A ênfase na diferença pôde se manifestar desde muito cedo em relação a questões
mais imediatas da vida social, em flagrante oposição ao postulado democrático.
Suponho que um dos mais precoces seja o da fisiognomonia retrabalhada por
Lavater em finais do século XVIII. Propunha-se aí, numa teoria citada e
aprovada por Goethe, que o desenho do perfil dos rostos humanos expressasse a
qualidade mais ou menos sutil ou civilizada de seus portadores. Martine Dumont,
num lúcido artigo de análise desse episódio pouco conhecido das idéias "físico-
morais" do Ocidente, sugere que se estivesse assim procurando reintroduzir pela
mão de uma teoria científica, naturalizante, as recém desacreditadas teorias
tradicionais da diferença dos entes políticos (cf. M. Dumont, 1984). Sem
dúvida, disso se tratava, mas ' na verdade ' de muito mais do que isso. Não
apenas a recusa ao igualitarismo político característico da Revolução Francesa
e do primeiro Napoleão, mas a recusa de todo o universalismo, inclusive no seu
aspecto fisicalista, já que se tratava exatamente de reintroduzir uma medida
"físico-moral", uma nova mediação positiva e localizada entre a matéria e o
espírito.
Uma terceira dimensão a examinar é a do fluxo. Quero aí sublinhar a ênfase na
qualidade permanentemente dinâmica e móvel de todos os fenômenos e entes, por
oposição à consideração estabilizada do mundo, intrínseca ao modelo
universalista. É evidente que a física newtoniana pressupunha e visava
essencialmente o movimento, mas um movimento que se expressava sobretudo como
uma temporalidade reversível, típica do pensamento físico-matemático. A
temporalidade romântica é agudamente irreversível; na melhor das hipóteses pode
conter a idéia de ciclos ou de retornos (como o eterno, de Nietzsche), nunca a
de uma indiferença ou indistinção. A distinção feita por um romântico tardio
importante como Henri Bergson entre temps e durée esclarece possivelmente o que
quero ressaltar. A durée é irreversível e espessa, diferencial. Não se mede com
o mecanismo comum do relógio, mas com a sensibilidade interior.

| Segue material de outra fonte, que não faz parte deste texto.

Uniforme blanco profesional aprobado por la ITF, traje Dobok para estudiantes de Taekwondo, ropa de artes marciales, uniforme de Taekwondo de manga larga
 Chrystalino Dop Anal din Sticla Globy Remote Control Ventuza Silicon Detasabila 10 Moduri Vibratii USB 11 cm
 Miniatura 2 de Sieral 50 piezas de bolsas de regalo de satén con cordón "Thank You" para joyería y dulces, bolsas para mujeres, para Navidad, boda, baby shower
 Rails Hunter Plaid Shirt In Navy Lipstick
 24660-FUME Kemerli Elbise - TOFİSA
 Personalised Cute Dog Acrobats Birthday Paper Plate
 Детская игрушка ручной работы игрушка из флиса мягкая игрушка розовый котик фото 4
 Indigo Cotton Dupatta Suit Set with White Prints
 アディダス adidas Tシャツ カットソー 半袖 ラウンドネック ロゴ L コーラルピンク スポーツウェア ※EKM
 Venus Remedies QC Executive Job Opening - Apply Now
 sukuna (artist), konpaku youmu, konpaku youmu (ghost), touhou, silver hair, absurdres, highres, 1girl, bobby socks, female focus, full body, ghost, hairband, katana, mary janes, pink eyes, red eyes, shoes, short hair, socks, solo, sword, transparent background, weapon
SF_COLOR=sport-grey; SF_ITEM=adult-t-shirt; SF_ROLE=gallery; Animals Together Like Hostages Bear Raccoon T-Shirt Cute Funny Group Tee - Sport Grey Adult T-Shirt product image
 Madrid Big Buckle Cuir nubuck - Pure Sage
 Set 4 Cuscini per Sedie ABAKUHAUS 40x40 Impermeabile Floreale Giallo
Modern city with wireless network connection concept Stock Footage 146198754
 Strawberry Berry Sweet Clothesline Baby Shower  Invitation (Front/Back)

O fluxo é uma propriedade da condição íntima dos entes, não uma medida externa,
objetiva. É um apanágio de cada totalidade/singularidade e se manifesta,
portanto, de modo essencialmente diferenciado entre os entes. Mas é também
diferenciado em sua própria seqüência interna: os tempos de um mesmo ente não
são idênticos entre si. Freqüentemente pôde se expressar essa diferencialidade
sob a imagem de um tempo vital, de um ciclo de nascimento, juventude,
maturidade e morte. Um único fluxo, de tempos diferentes; eventualmente
renovável em outro patamar ou dimensão.
O ponto fundamental de toda essa dimensão é o horror à imobilidade ' ou à
permanência como imobilização. Isso poderia se aplicar à matéria inanimada por
oposição ao valor superior da Vida, por exemplo. Mas servia sobretudo para
qualificar a verdadeira ou legítima vida humana. Essa deveria se caracterizar
por uma ênfase contínua no movimento ascendente, no fluxo progressivo. A
categoria alemã do Streben, da disposição de luta no sentido de atingir algum
ideal ou proposta sempre à frente do sujeito, é muito típica da teoria
romântica da Pessoa. Ela anima a dimensão mais interna do processo de formação
pessoal, a famosa Bildung; ela própria necessariamente um fluxo vital
específico, singular, insubstituível. O romance de formação (Bildungsroman)
teatraliza a metáfora do fluxo vital de modo paradigmático a partir do primeiro
Wilhelm Meister de Goethe.
A fórmula mais acabada e precisa da preeminência do fluxo no pensamento
romântico já se deu nas fronteiras das ciências humanas com o conceito de
"cultura subjetiva", formulado por Georg Simmel em contraposição ao de "cultura
objetiva" (cf. Simmel, 1971). Tal conceito resume ou exemplifica todos os
pontos que estou desenvolvendo, mas ilumina particularmente o do fluxo, uma vez
que as qualidades positivas da cultura subjetiva são justamente as que se
instituem na temporalidade, no fluxo da mudança, na intensidade da criação
interior. A passagem ao "objetivo" é a queda na estase: o pensamento vivo vira
a página do livro, a intenção transforma-se em instituição, as forças da vida
definham-se em formas petrificadas.
Muito se poderia dizer sobre a dimensão do fluxo no tocante aos fenômenos
humanos coletivos. A historicidade romântica está na origem da maior parte das
ciências humanas (da arqueologia à lingüística, da história à psicanálise) e
sua característica principal é justamente essa da atenção obsessiva às
implicações da passagem do tempo, e da passagem diferencial do tempo sobretudo.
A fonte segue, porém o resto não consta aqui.